Material supplied:
+++
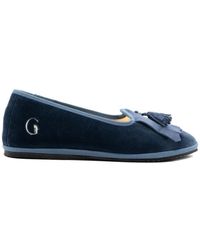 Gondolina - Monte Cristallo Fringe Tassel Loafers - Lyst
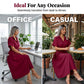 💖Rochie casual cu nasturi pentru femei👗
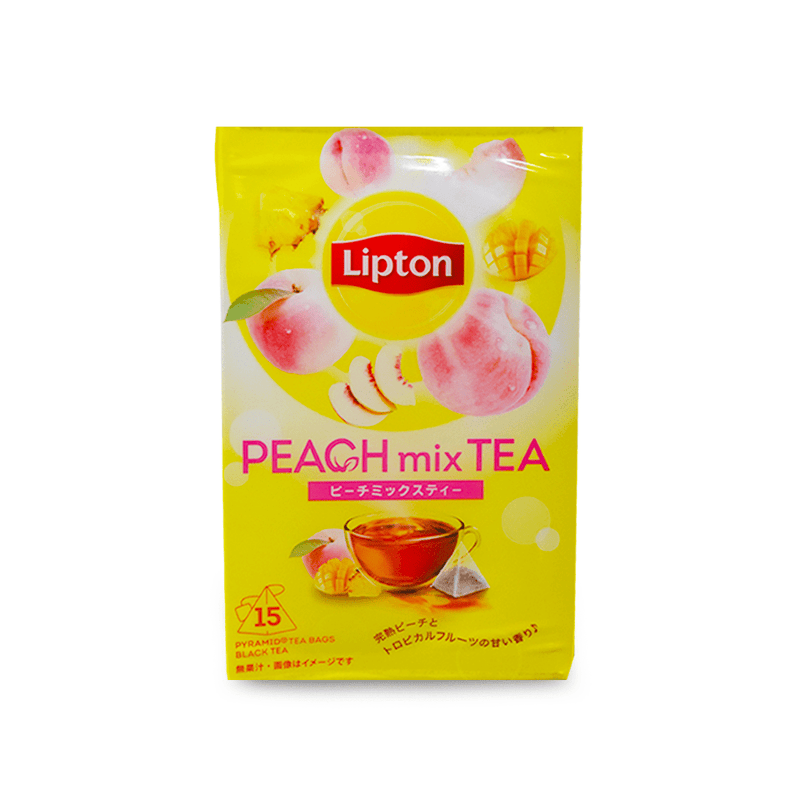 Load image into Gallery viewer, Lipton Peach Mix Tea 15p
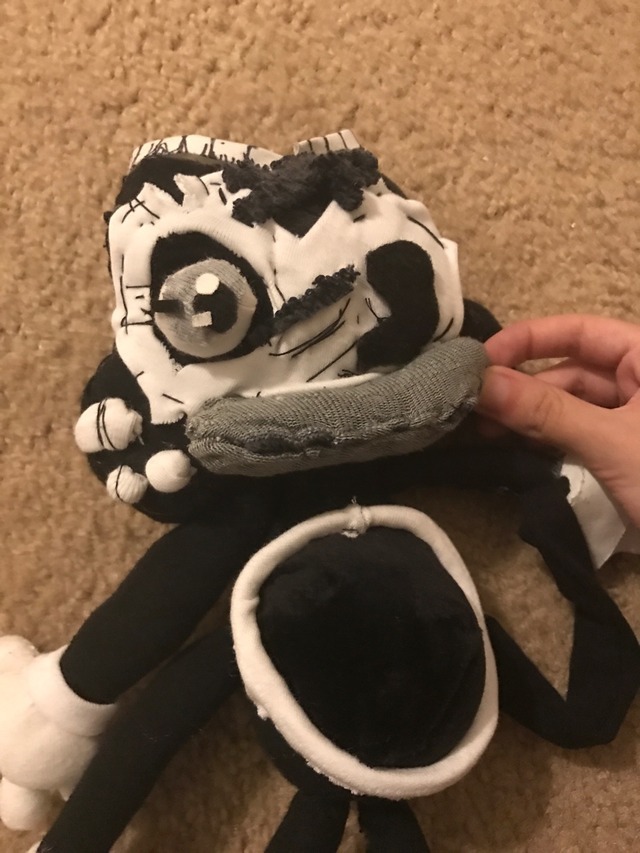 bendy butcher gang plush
+++
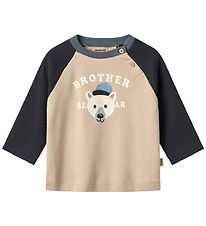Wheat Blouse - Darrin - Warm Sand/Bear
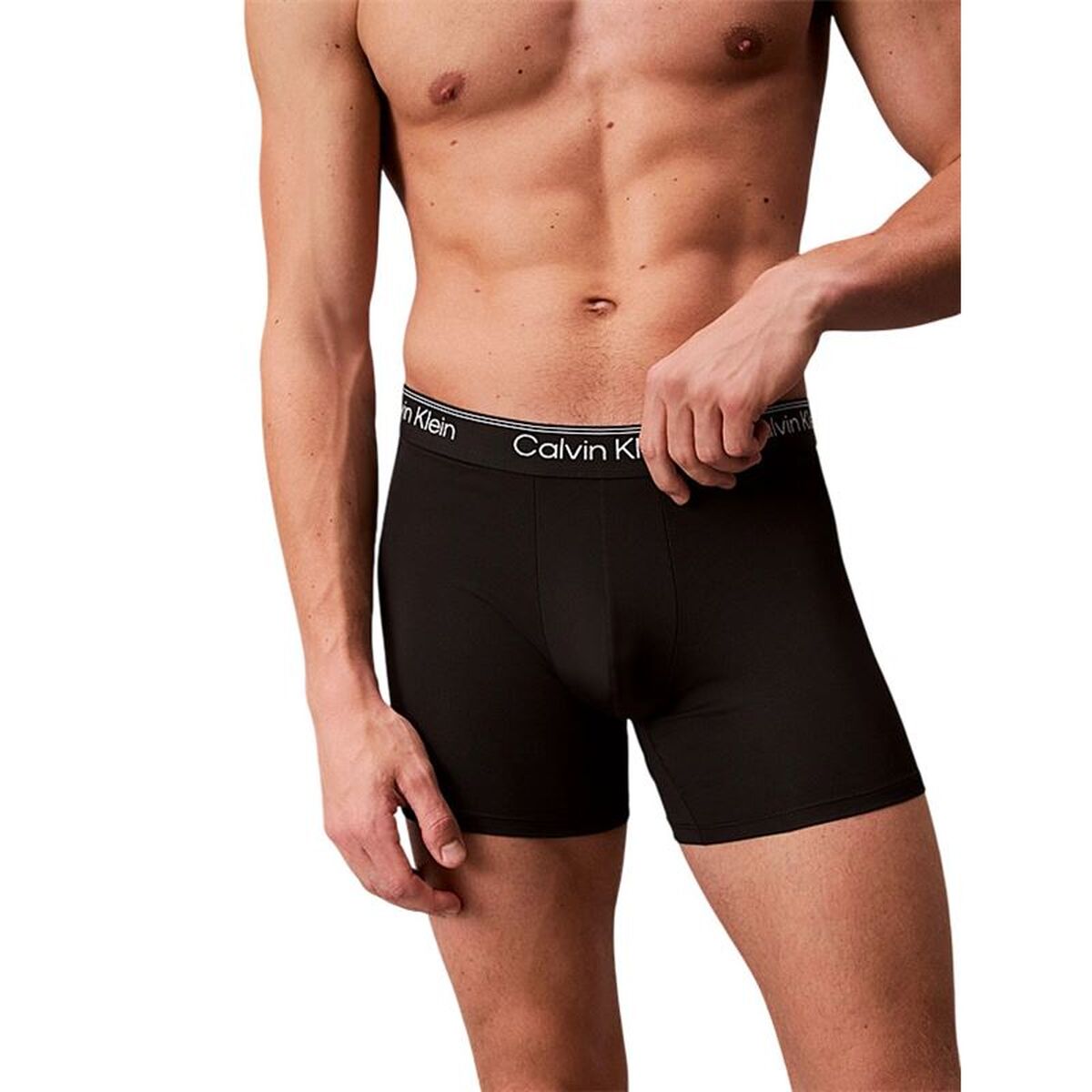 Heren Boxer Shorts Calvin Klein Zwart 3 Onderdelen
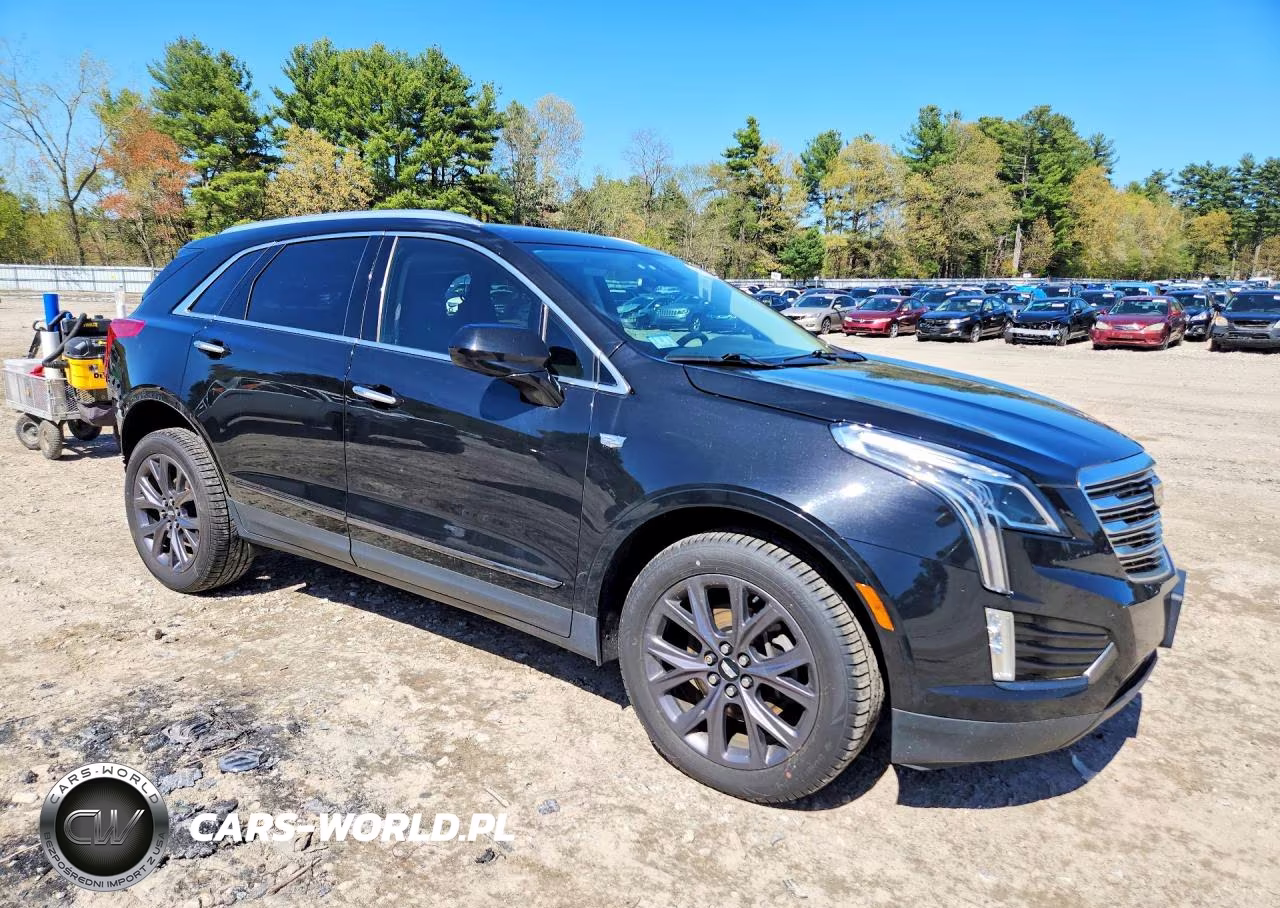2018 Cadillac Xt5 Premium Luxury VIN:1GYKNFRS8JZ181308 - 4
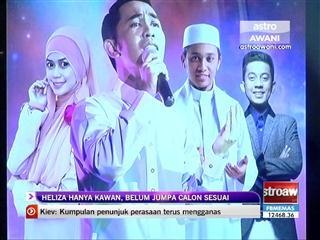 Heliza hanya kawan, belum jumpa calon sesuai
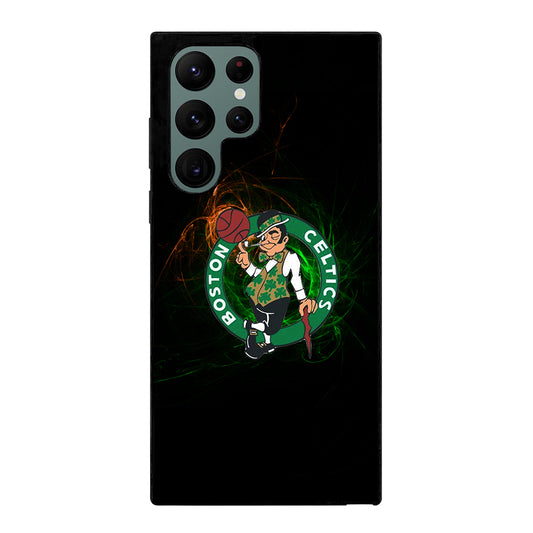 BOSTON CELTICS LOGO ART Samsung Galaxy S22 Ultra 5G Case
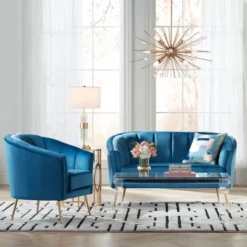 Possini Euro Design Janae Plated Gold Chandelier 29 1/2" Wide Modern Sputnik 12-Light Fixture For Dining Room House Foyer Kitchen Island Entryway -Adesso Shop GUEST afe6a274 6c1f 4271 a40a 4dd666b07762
+++
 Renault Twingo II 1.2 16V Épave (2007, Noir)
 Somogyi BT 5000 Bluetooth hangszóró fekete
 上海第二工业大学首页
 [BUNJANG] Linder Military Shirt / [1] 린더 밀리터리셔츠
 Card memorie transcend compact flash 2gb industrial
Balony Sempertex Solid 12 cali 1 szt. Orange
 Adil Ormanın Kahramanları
+++
What to work on: The answer is the lines above from the one with "Gondolina - Monte" to the one with "bendy butcher gang plush", set down exactly, with no pictures.

Response area:
 Gondolina - Monte Cristallo Fringe Tassel Loafers - Lyst
 💖Rochie casual cu nasturi pentru femei👗
 Load image into Gallery viewer, Lipton Peach Mix Tea 15p
 bendy butcher gang plush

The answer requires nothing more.